Monday, Jan. 19, 1925
Aventine Opposition
The week in Italy was quiet. There were attacks by the Communists on Fascisti, by Fascisti on Communists, in which the Socialists were also implicated either as aggressors or defenders. Bombs, bottles and knives were thrown, bullets were fired, whips cracked as did bludgeons over heads, blood flowed and angry cries rent the air. Yet all was comparatively quiet. It was that the Opposition press had been effectually gagged; that a hundred questionable politico-social clubs had been closed: that the urban and rural branches of the Italia Libera Association, of which General Peppino Garibaldi is head, were shut down; that a number of subversive organizations had been rooted out; that people had been terrified by many hundreds of domiciliary searches made by rowdy and violent Fascisti; that scores of cafes had been forced to close their doors; that hundreds of agitators, revolutionaries and other suspects had been hurled into jail. Benito Mussolini, Premier of Italy, had, as promised, pacified all Italy in 48 hours (TIME, Jan. 12). The Premier had kept his word. The strange noises which were heard were only the dull thuds and thumps of a political Opposition that had temporarily been put out of harm's way.

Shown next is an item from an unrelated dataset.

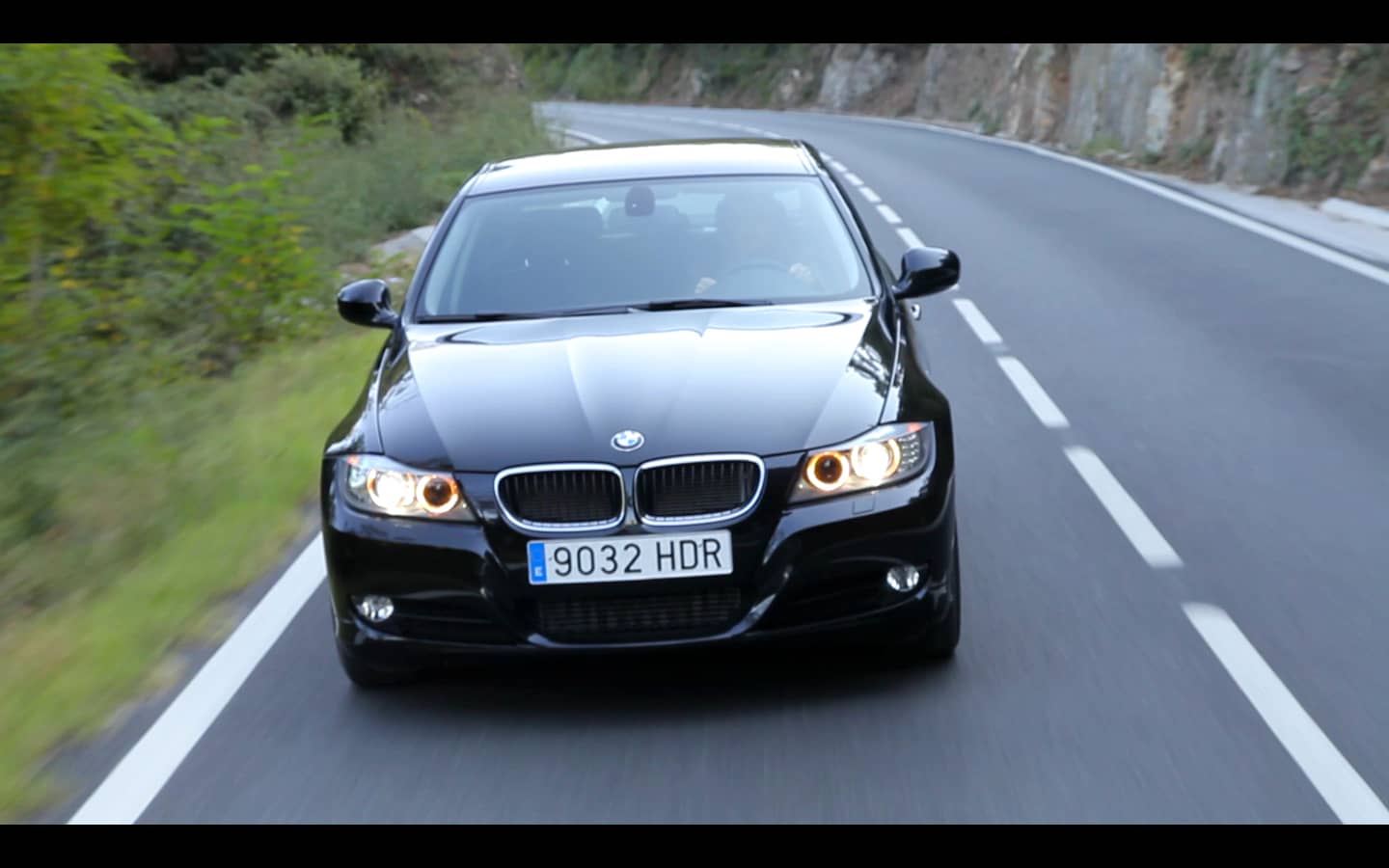 black car on the road close front view screenshot from a corporative advertisement video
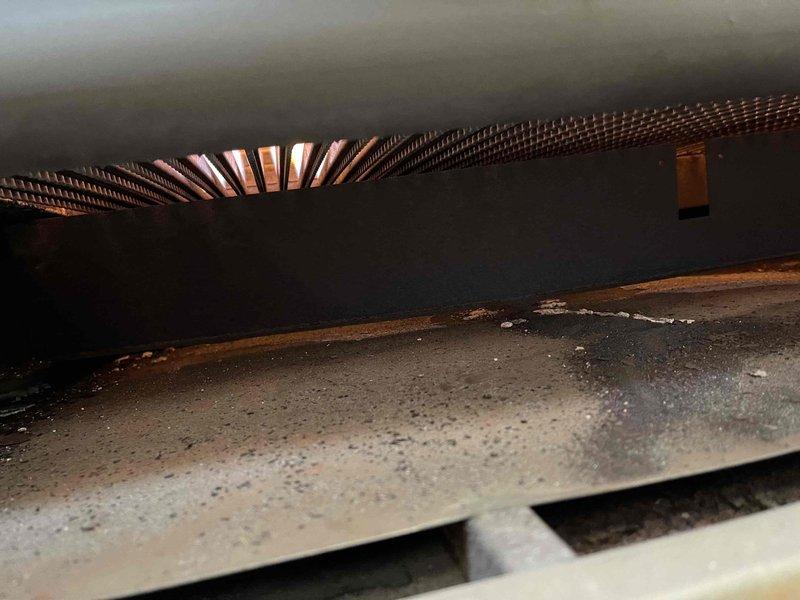 Performed inspection of commercial boiler system at Clayton's Country Bar. Accessed interior components to examine copper heat exchanger coils and identified accumulated dust and debris on metal surfaces. Visual assessment showed no significant damage to coils or interior components.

The Aventine* Opposition--group of about 150 Deputies of the Opposition which has boycotted the Chamber of Deputies since the Matteotti murder (TIME, June 23 et seq.)--seized a chance during this quietus to steal some of Benito's thunder.
The leaders of this group made strenuous efforts to induce ex-Premiers Orlando and Giolitti to join them in their boycott, but they were rebuffed; Signori Orlando and Giolitti declined to associate themselves with an illegal organization. The leaders went sorrowfully back to their Hill. Rumors were that the boycott was to be discontinued.
The Government thought to aid the Opposition in making up its mind about its next move. Accordingly, it was proposed in the Consulta to pay Deputies according to the number of sittings of the Chamber which they attended. (Incidentally the cost to the country of paying Deputies would be cut some 6,000,000 lire.) The object was, of course, to deprive the Aventine Deputies of the salaries which they are still drawing.
Next day, a grand session of the Opposition was held. They reaffirmed their position and, in a long and violent manifesto to the Italian people attacking the Government, made it clear that they had no intention of resuming their seats. The Italians, or the greater part of them, were not interested one way or the other in what the Opposition Deputies did or intended to do. They have, so to speak, lost caste.
* Classical name given to oppositional factions. Vide political clubs on the Aventine Hill during time of Cicero.